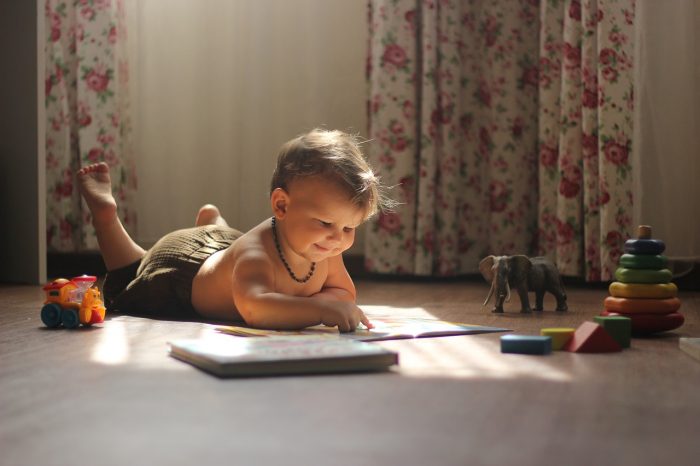 niño jugando en el piso con juguetes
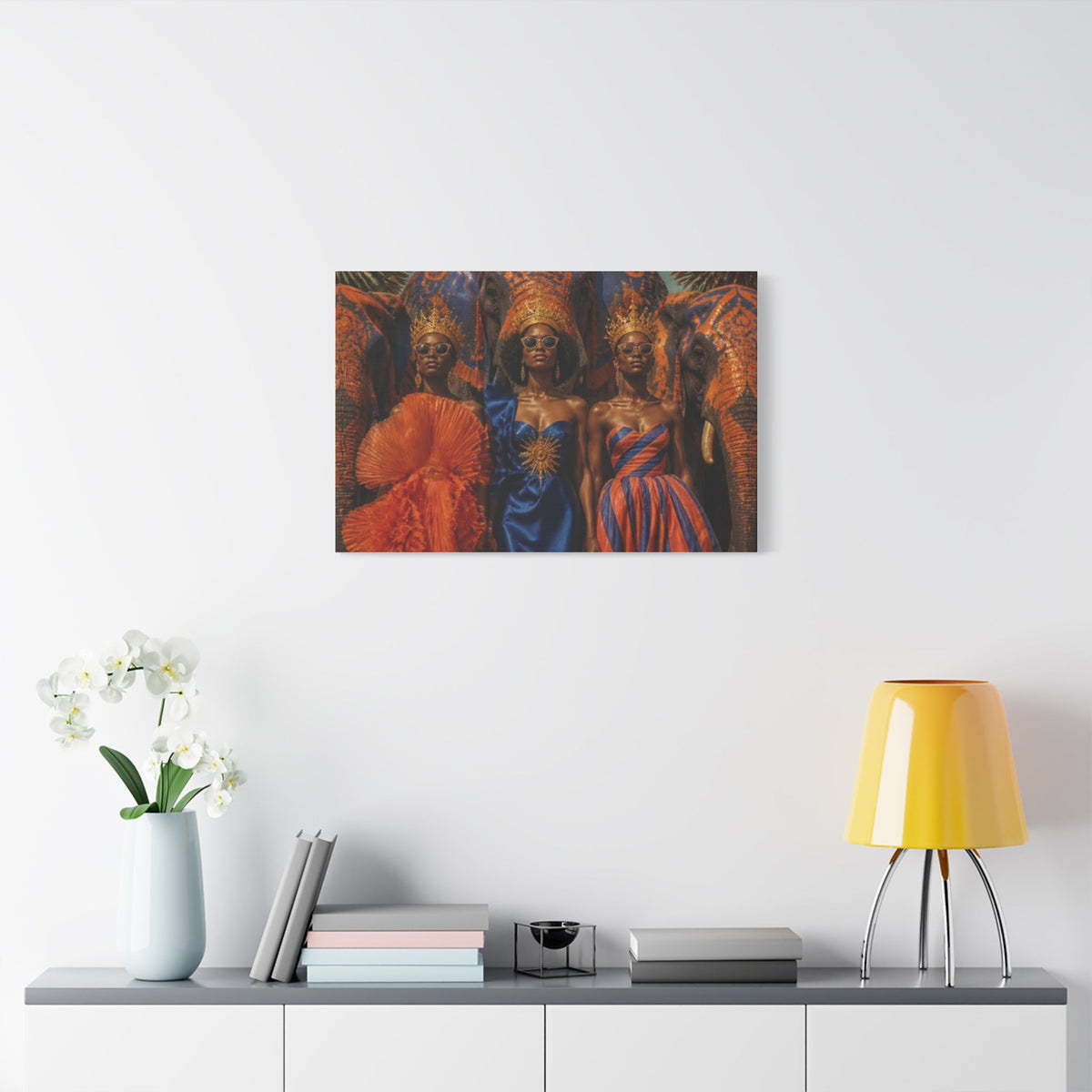 PURETE matte canvas print featuring three women in ornate crowns and vibrant dresses hanging on a white wall.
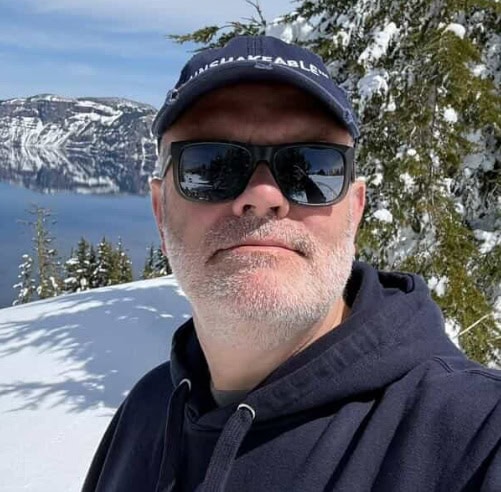 A man with sunglasses and a cap in front of a mounatin scene.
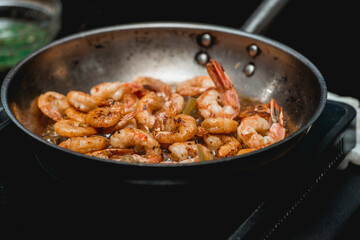 Shrimp on frying pan. Thermal processing of food. Electric cooker in a restaurant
- - - - -
What you give back must match the material word for word, with no images included.

=== Result of the task ===
 niño jugando en el piso con juguetes
 PURETE matte canvas print featuring three women in ornate crowns and vibrant dresses hanging on a white wall.
 A man with sunglasses and a cap in front of a mounatin scene.
 Shrimp on frying pan. Thermal processing of food. Electric cooker in a restaurant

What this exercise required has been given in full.